BOTTOM LINE: For those with more questions than answers, Movin’ On Up offers an unexpected glimmer of existential hope.
Movin' On Up is publicized as absurdist, but perhaps this label doesn’t serve the play well. Absurdist plays create a world where the meaninglessness of existence is circumstantially proven onstage. Done right, they’re insanely entertaining; if existence is meaningless, then stakes in the moment are sky-high, because without existential purpose there’s only this moment. In an absurd world, everything matters, not nothing. Think of the manic, vital importance Gogo and Didi place on a pair of boots, and of the carrot v. turnip question, in Waiting for Godot.
Movin’ On Up, on the other hand, spends a great deal of time questioning why characters are in the graveyard limbo space that they're in. Reasonable things matter to them: where they are; what’s next; who did or didn’t express compassion toward whom in their past. The central character, the Watchman (Jeff Gorcyca), keeps a cool exterior, shutting down the other characters’ journeys toward “moving up” toward whatever next step there is by telling them in a dozen different ways to “shut up,” because he needs peace and quiet to do his fuzzily-defined waiting work. These shutdowns are often accompanied by a Clint-Eastwood-esque scowl.
Encountering that brick wall, even the goofy Oh Brother, Where Art Thou? pluck of Lewis (Preston Smith) and the lively, confident questioning of Joan (Lauren Mack) both end up disappointed, or at least muddled.
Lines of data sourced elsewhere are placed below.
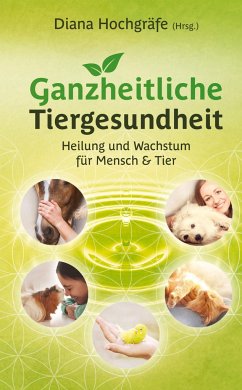 Ganzheitliche Tiergesundheit - Hochgräfe, Diana;Wegner, Bettina;Fust, Fabienne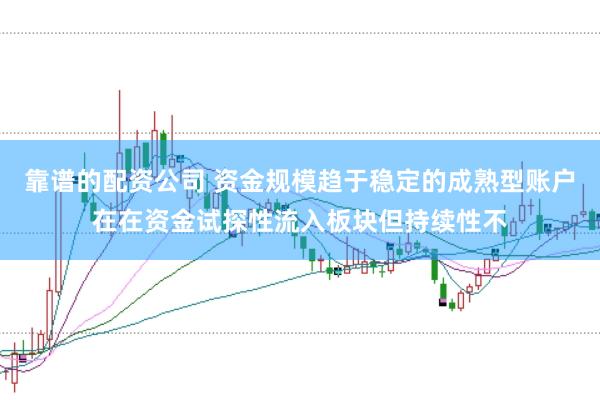 靠谱的配资公司 资金规模趋于稳定的成熟型账户在在资金试探性流入板块但持续性不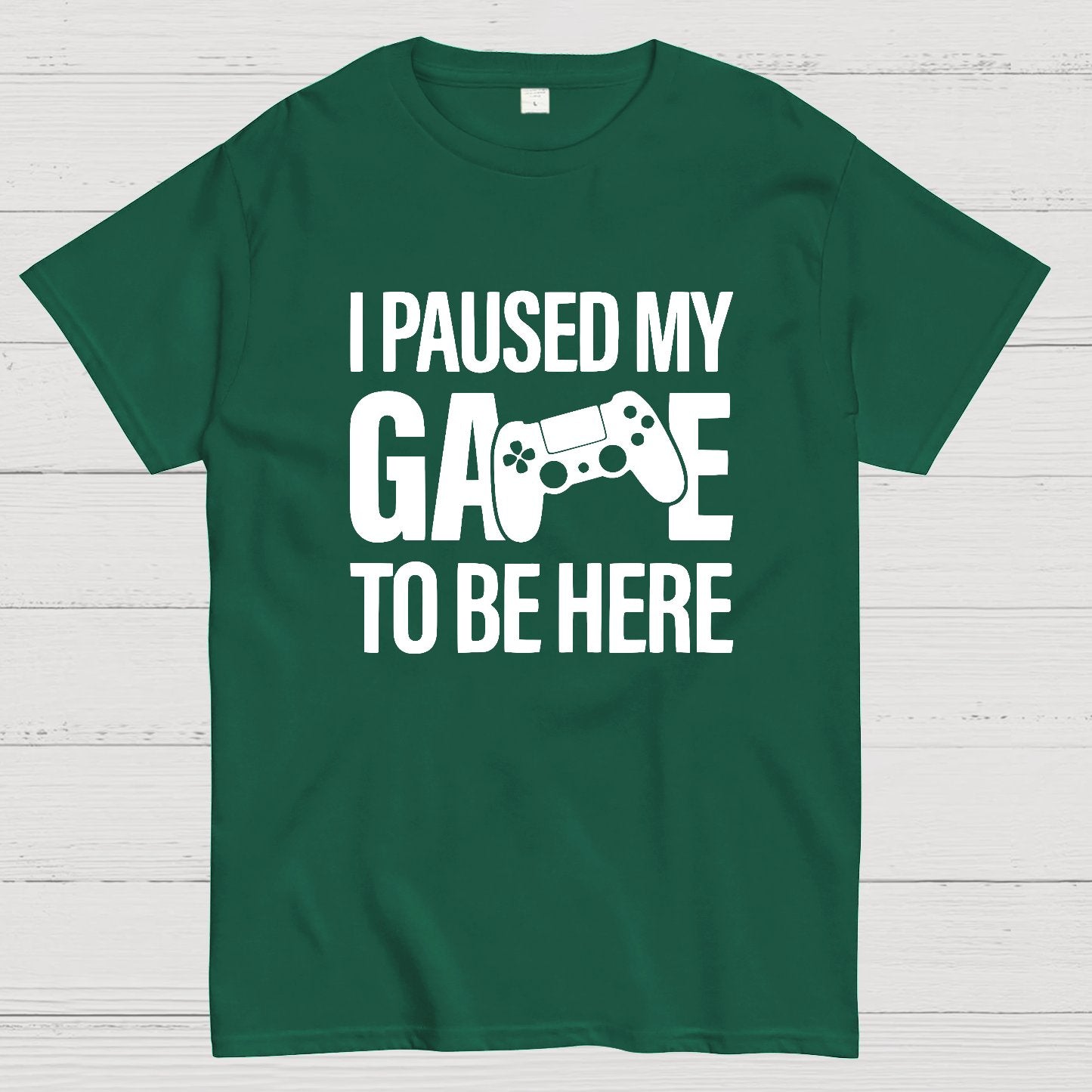I paused my Game to Be Here Funny Gaming Geek T-Shirt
Their frustration leads to a final impression that the world of Movin’ On Up has meaning—they just can’t figure it out. The simple fact that there is meaning makes this a more optimistic worldview than true Absurdism, and the end of the show leaves a more hopeful taste in your mouth than it might otherwise. It’s certainly not the dark, trivial romp that one might expect from a show that self-identifies with that old nihilistic performance tradition.
(Movin' On Up plays at VENUE #8: WOW Café, 59-61 East 4th Street, through August 26, 2016. The running time is 1 hour 10 minutes. Performances are Sat 8/13 at 7; Mon 8/15 at 2:15; Fri 8/19 at 4; Mon 8/22 at 9; and Fri 8/26 at 6. There is no late seating at FringeNYC. Tickets are $18 and are available at fringenyc.org. For more information visit movinonuptheplay.com.)
Movin' On Up is written by Jeremy Kehoe. Directed by Christian Amato. Company represented by Veronique D’Ory. Publicist Andrea Alton.
The cast is Jeff Gorcyca, Lauren Mack, and Preston Smith.